Si le médecin traitant suivant ne peut pas déchiffrer votre écriture, cela pourrait affecter les soins aux patients. (Ne pas enregistrer les détails complets du traitement peut produire le même résultat.) Et un manque de lisibilité pourrait affecter les diagnostics codés : PUD ou PVD? Ulcère gastro-duodénal ou maladie vasculaire périphérique?

RÈGLE #3: Obtenez vos abréviations directement
Les abréviations peuvent poser un autre type d’écueil lorsque vous vous écartez de l’utilisation standard. Imaginez un codeur essayant de déterminer si « ARF » signifie insuffisance rénale aiguë ou insuffisance respiratoire aiguë. Ou si « PE » signifie épanchement pleural, œdème pulmonaire ou embolie pulmonaire.

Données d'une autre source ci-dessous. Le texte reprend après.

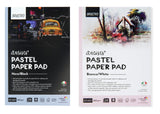 Brustro Artists Pastel Paper Pad, Set Of 2, 24 Sheets (160 Gsm) Each, Colour - Black & White, Size - 3.5 X 5.5 | Ideal For Paste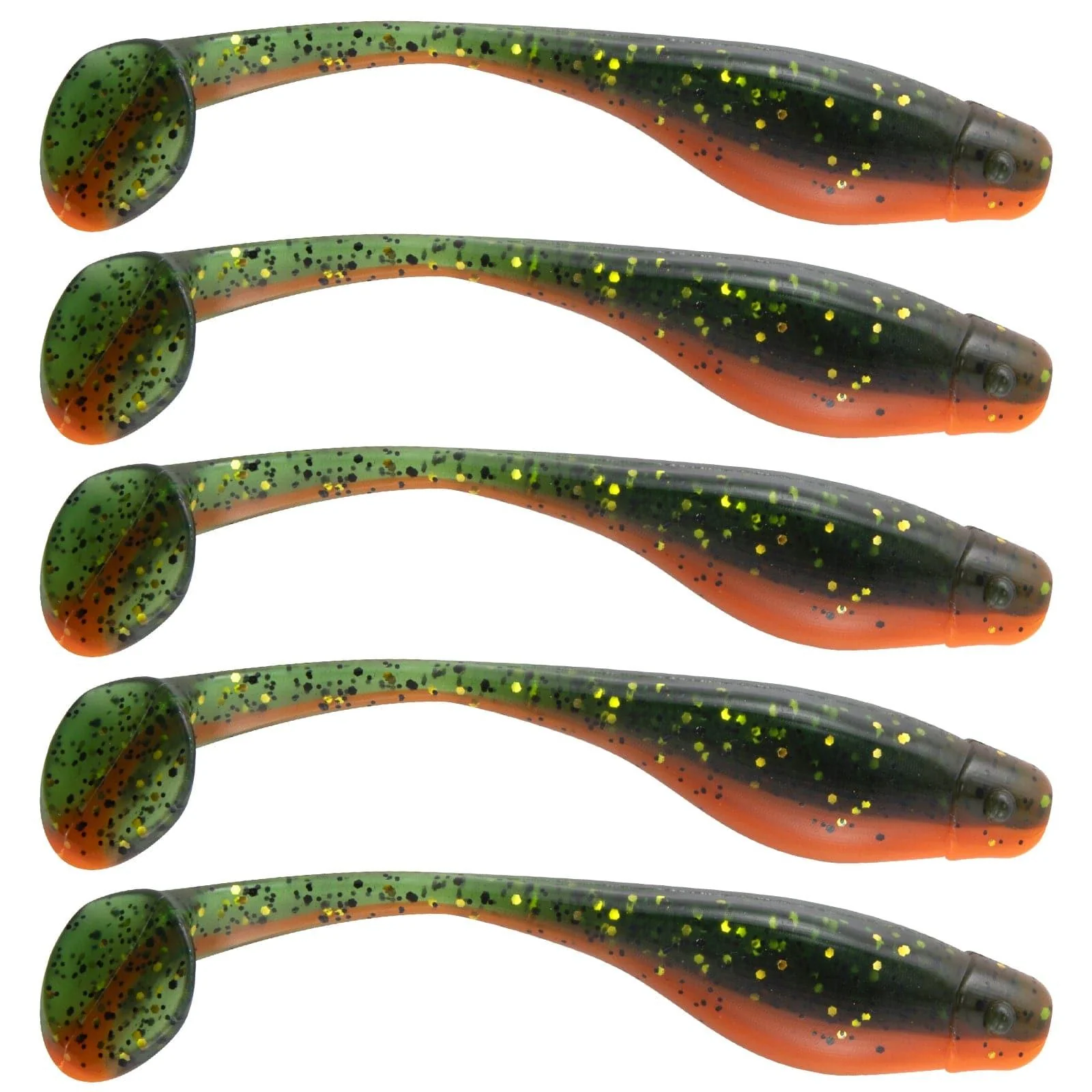 Dr.Fish 10pcs 8 Colors Flashing Glitter soft Baits 5.11'' 4oz - Image 10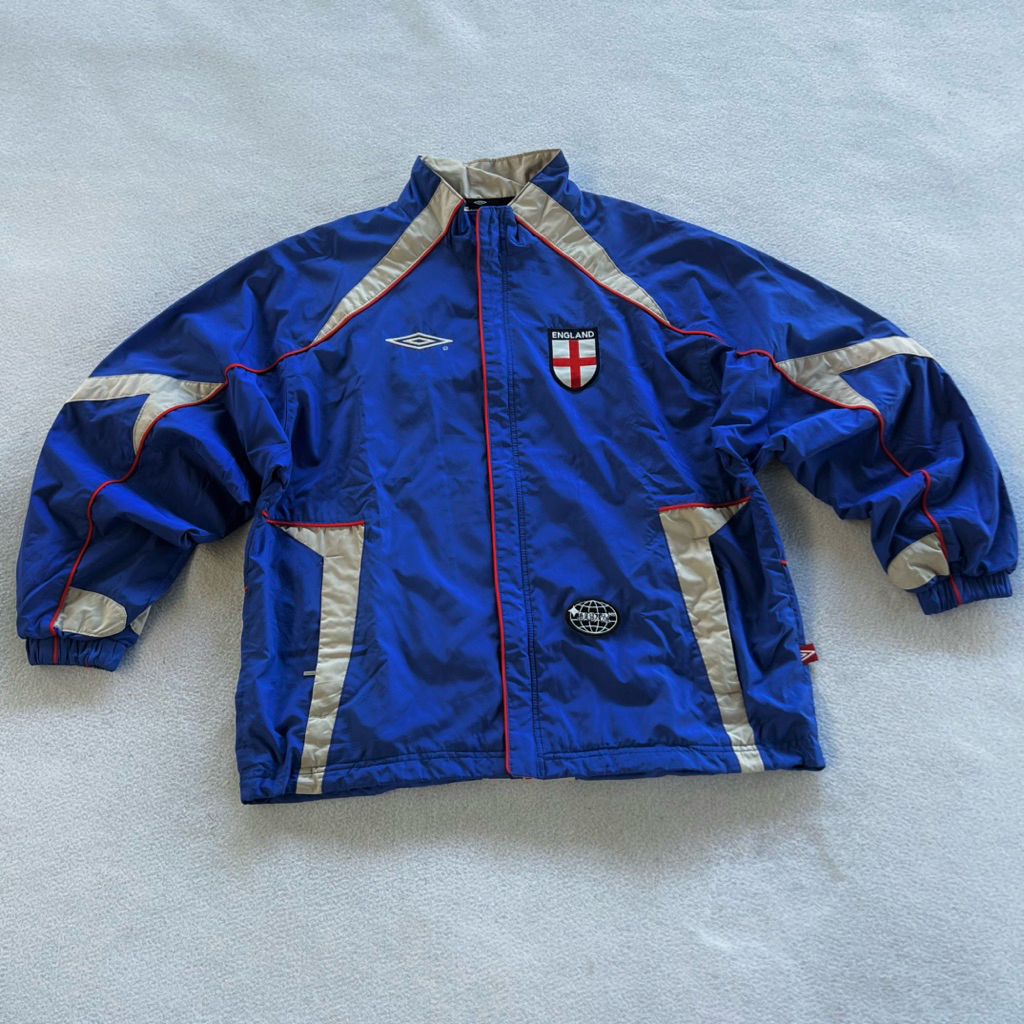Vintage 00s Colorblock UMBRO England Windbreaker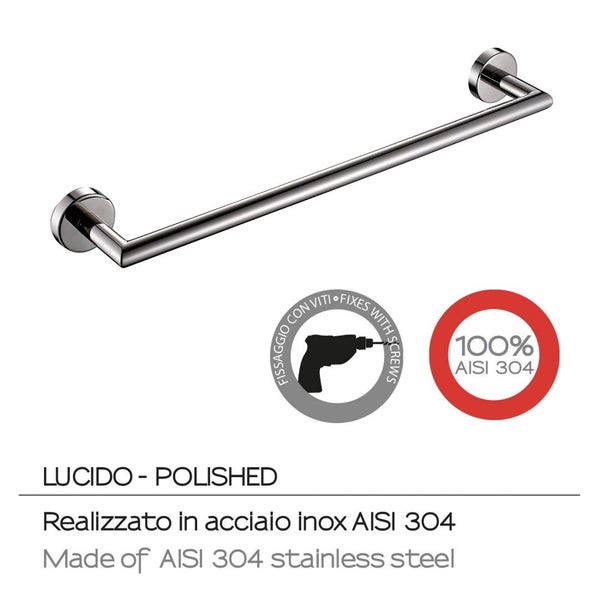 Badetuchhalter 45cm Edelstahl, verchromt und poliert | Loto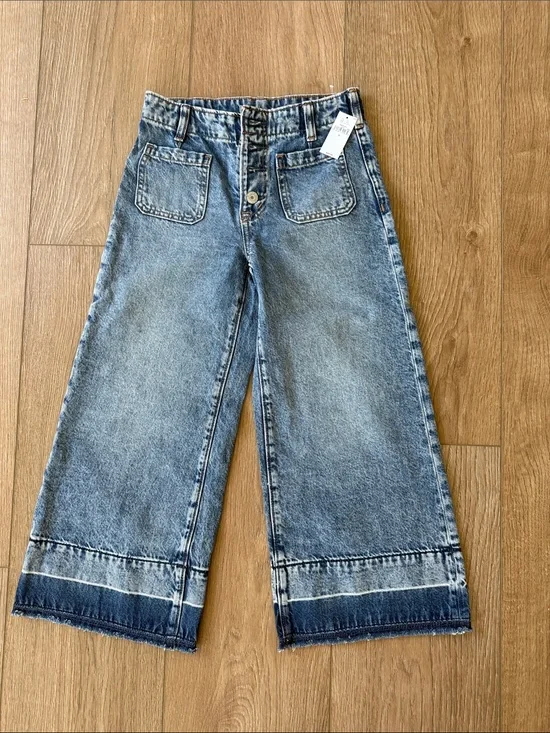 GAP: Girls Wide Leg Ankle Denim Jeans - NWT size 10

Pour éviter une telle confusion, assurez-vous que votre groupe établit une liste d’abréviations que tout le monde accepte d’utiliser. De cette façon, votre documentation prendra en charge le code de diagnostic.

RÈGLE #4: Attention à la  » cartographie par exception  »
Un dossier médical électronique (DME) peut résoudre des problèmes de lisibilité et faciliter la documentation. Mais lorsqu’ils utilisent un DME, les médecins doivent se méfier d’une pratique courante connue sous le nom de « cartographie par exception ». »

Les DME sont généralement configurés pour enregistrer les résultats normaux, les médecins indiquant les résultats anormaux. L’un des résultats est que les médecins se précipitent souvent dans leur cartographie du DME et ne vérifient aucun résultat anormal qui s’applique.

Lors de l’examen de la documentation, par exemple, je pourrais trouver un tableau pour un patient qui a été admis avec une douleur thoracique comme principale plainte. Mais l’examen cardiaque des symptômes de ce patient se lira « normal » ou « négatif » parce que le médecin n’a pas modifié le défaut « normal ».

Une autre mise en garde de l’utilisation des DME: Assurez-vous de ne tracer que les services que vous avez réellement effectués. Les DME permettent de documenter très facilement un examen physique complet, un examen des systèmes et des antécédents familiaux et sociaux de chaque patient « , qu’un examen complet ait été effectué ou non par nécessité médicale. Ne pas documenter avec précision le niveau de service rendu pourrait entraîner la remise en question de tous vos dossiers.

RÈGLE #5: Ne rien laisser de côté
À l’autre bout du spectre, un autre écueil est tout aussi grave: ne pas documenter tous les services que vous fournissez. Si ce n’est pas écrit dans le tableau, vous n’avez
aucune preuve que cela a été fait!

Vous devez documenter chaque ordonnance ou service professionnel, aussi informel ou insignifiant « , même pour un ami ou un collègue.

RÈGLE #6: Soyez prudent lors des modifications
Gardez à l’esprit que le dossier médical est un document légal et ne doit jamais être modifié. Si vous devez modifier ou ajouter à un dossier patient, rédigez un addendum avec la date de la révision.

Ne jamais écrire sur une entrée originale ou la rendre illisible. Au lieu de cela, s’il y a une erreur dans un graphique, tracez une seule ligne dans la partie que vous corrigez, en gardant l’entrée d’origine lisible.

Signez et datez la suppression et indiquez la raison de la correction ci-dessus ou dans la marge. Documentez les informations correctes sur la ligne ou l’espace suivant avec la date et l’heure actuelles, en vous référant à l’entrée d’origine.

Lors de la correction des enregistrements électroniques, suivez les mêmes principes: suivez à la fois l’entrée originale et la correction avec la date, l’heure et la raison actuelles du changement. Tout enregistrement corrigé que vous soumettez doit indiquer clairement la modification spécifique apportée, la date de la modification et l’identité de la personne qui effectue la saisie.

Des dossiers médicaux complets et précis améliorent la qualité et l’efficacité des soins médicaux et réduisent les coûts. Prêter attention aux bases de la cartographie protège non seulement les intérêts de vos patients, mais les vôtres.

Kristy Welker est une consultante indépendante en codage médical basée à San Diego. Envoyez-lui vos questions de documentation et de codage par e-mail à l’adresse suivante : [email protected] . Nous essaierons de répondre à vos questions dans un prochain numéro de L’Hospitaliste d’aujourd’hui.